Dolayısıyla AB ve Çin arasındaki ilişkilerde yapıcı eğilimlerin sürdürülmesinde bir başka faktörün daha ortadan kalktığını söyleyebiliriz. Orta ve Doğu Avrupa ülkelerinin kararlı adımlar atması da pek olası görünmemekle birlikte bu ülkeler ile Çin arasındaki etkileşim kanalları giderek daha az sürdürülebilir hale geliyor.


1. Bkz: Orlik I. I., ed. The Eastern turn in the foreign economic policy of the countries of Central and Eastern Europe in the context of the growing crisis in the European Union. Moskova, RAS Ekonomi Enstitüsü, 2017. s. 294.

2. Mevzuat değişikliklerine ilişkin detaylar için bkz. European Union and the People’s Republic of China: Non-strategic partnership? Paper No. 65 / 2022 / V. B. Kashin, S. A. Shein, Yu. Melnikova, L. V. Krasikova ve diğerleri; ed. E. O. Karpinskaya, K. A. Kuzmina ve diğerleri, Rusya Uluslararası İlişkiler Konseyi (RIAC), 2022. s. 40.

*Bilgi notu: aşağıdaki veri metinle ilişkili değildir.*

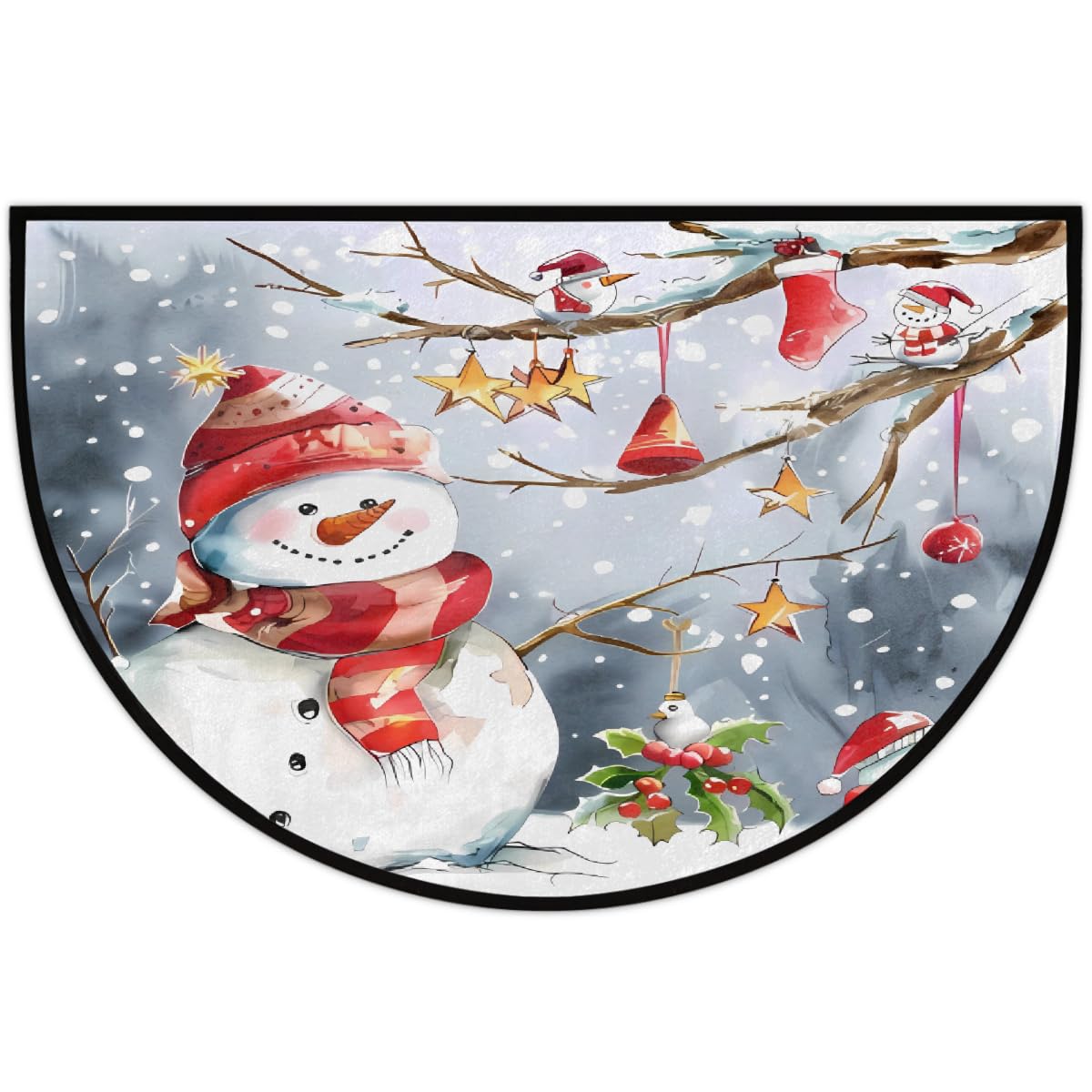 UOYO Snowman Half Round Door Mat Semi Circle Rug Half Moon Rug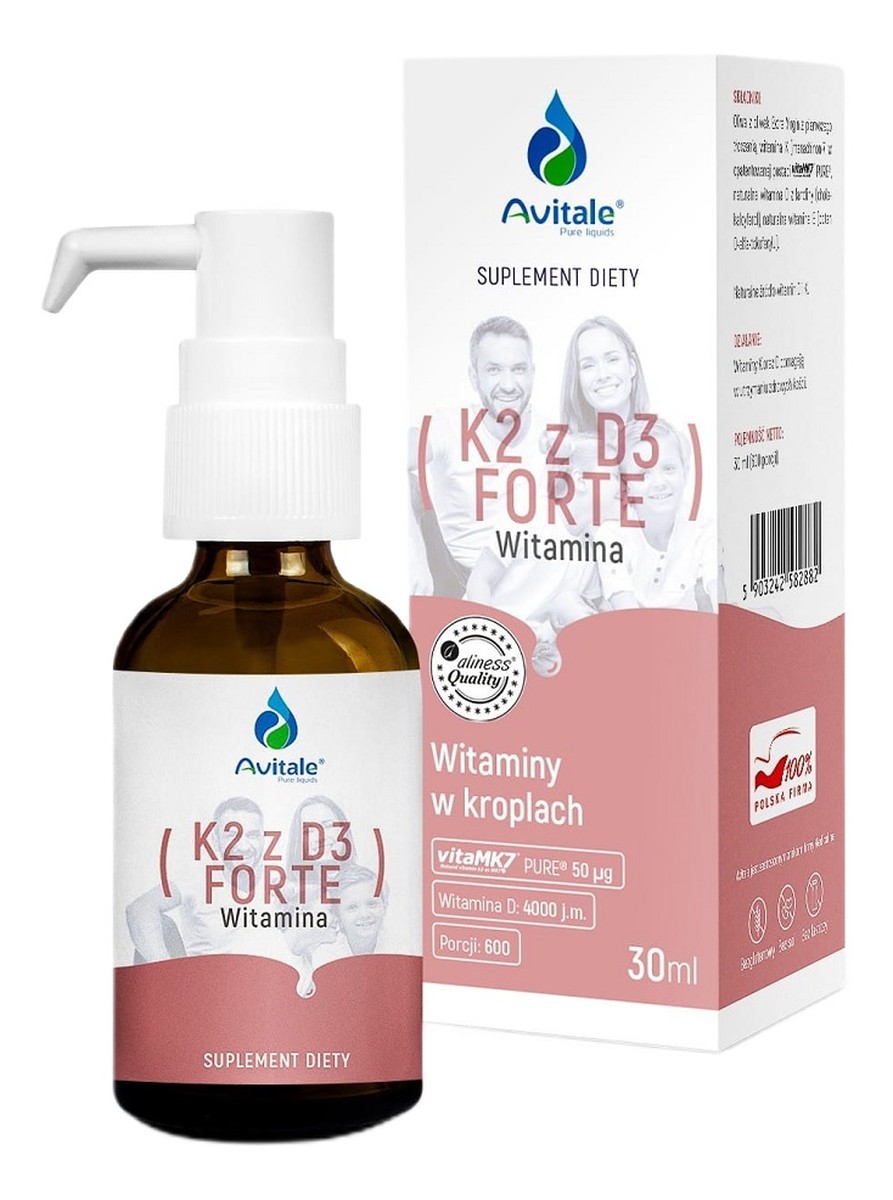Witamina k2 z d3 forte suplement diety w kroplach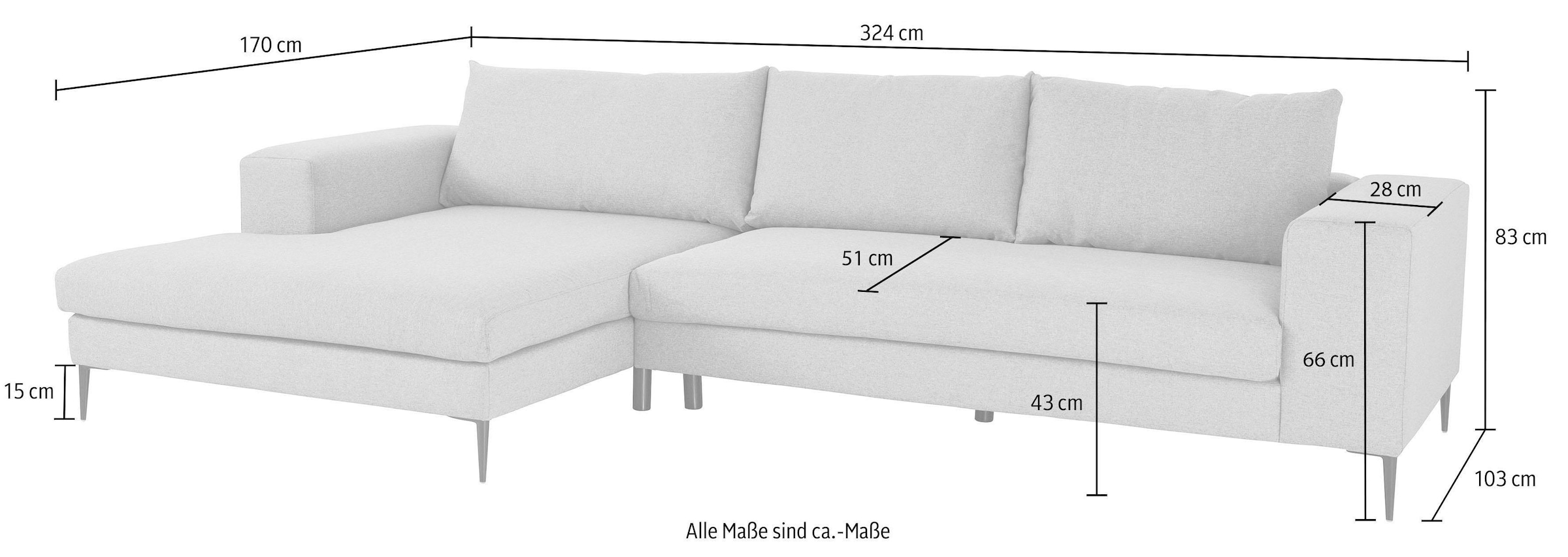 INOSIGN Ecksofa »Aurora, L-Form, mit extra breiter Recamiere, 324 x 170 cm (BxT)«, Designsofa mit tollem Sitzkomfort, extra hohe Metallfüße schwarz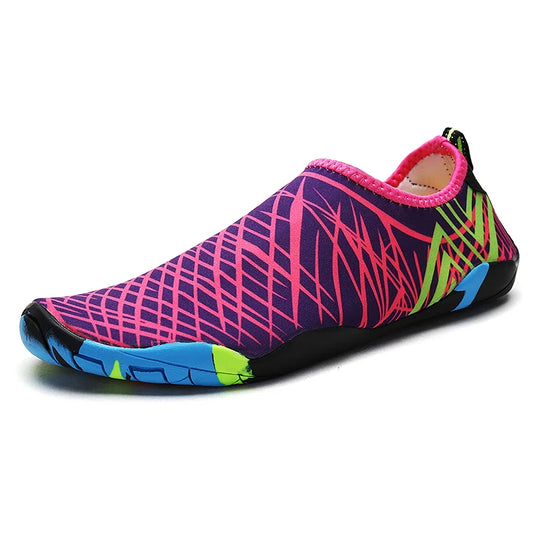 slim pink and purple ant-slip water shoes for women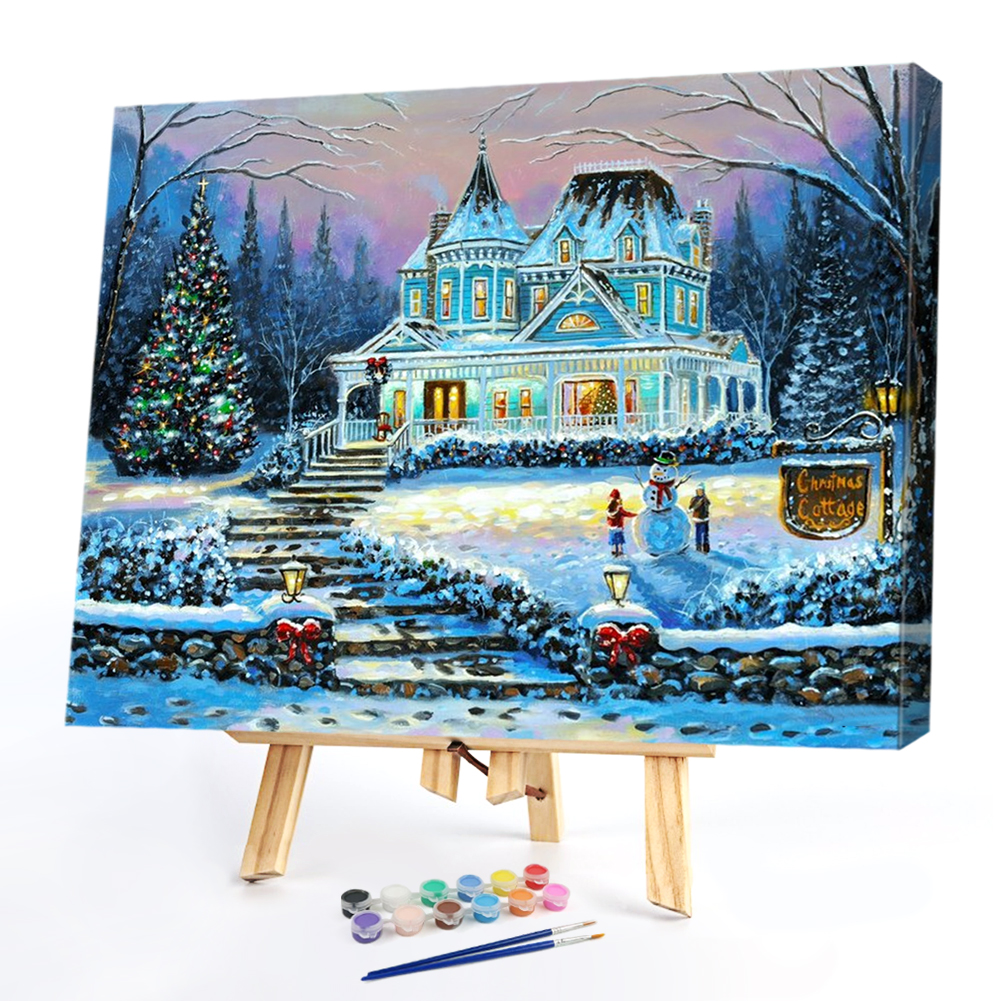 

50*40CM - Paint By Numbers - Night Snowscape, 501 Original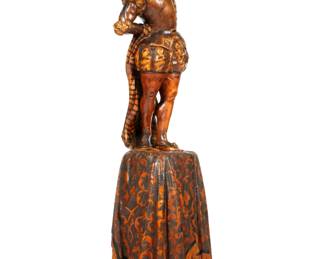 Lot 179a: Manner of Besarel Carved Wood Page Boy Sculpture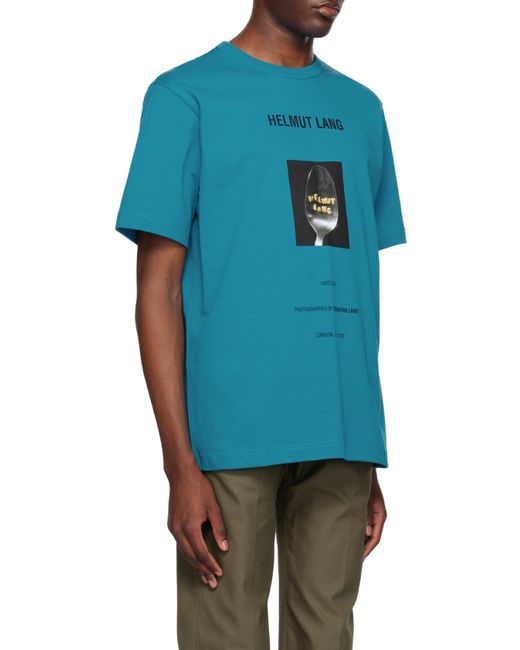 Helmut Lang Blue Photograph-Print Cotton T-Shirt for men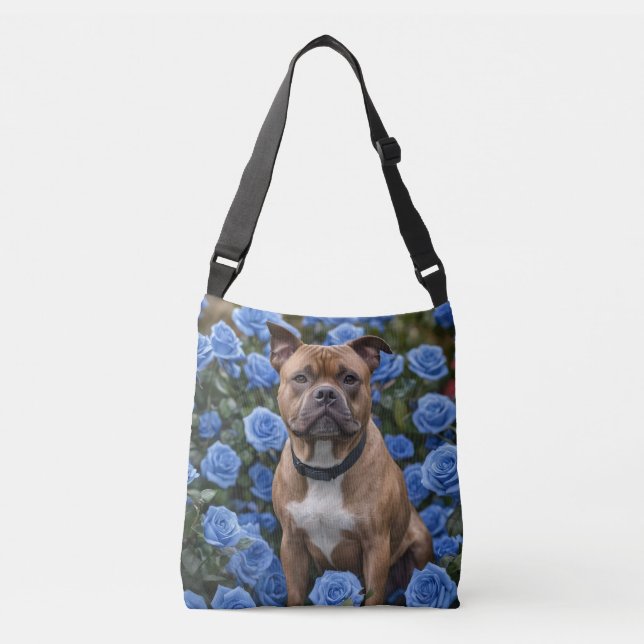 Brown Staffy In Blue Rose Garden, Crossbody Bag (Front)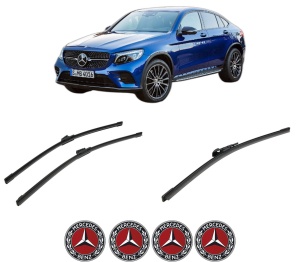 Set 3 stergatoare MERCEDES-BENZ GLC Coupe (C253) din 2016-2019, pentru parbriz si luneta fata si spate auto, Bosch Aerotwin-Aerotwin, din cauciuc siliconat rezistent, 4 Stickere Auto MERCEDES-BENZ - Img 2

3. Özellikle Yunanistan, Çek Cumhuriyeti, Macaristan, Polonya, Romanya ve Slovenya için. Daha fazla bilgi için bkz: Bolgova I., Melnikova Yu., Lisyakevich R. (2022) Shaping the Chinese Direction of EU Policy: The Role of Central and Eastern European Countries. World economy and international relations. No. 6 (66). s. 79-90. DOI: 10.20542/0131-2227-2022-66-6-79-90.

4. Hiçbir ülke Çin’in en büyük 10 ithalat kaynağı arasında yer almıyor.

5. Bu durum özellikle Yunanistan, Çek Cumhuriyeti, Macaristan, Polonya, Romanya ve Slovenya için geçerli. Daha fazla bilgi için bkz: Bolgova I., Melnikova Yu., Lisyakevich R. (2022) Shaping the Chinese Direction of EU Policy: The Role of Central and Eastern European Countries. No. 6 (66). s. 79-90. DOI: 10.20542/0131-2227-2022-66-6-79-90.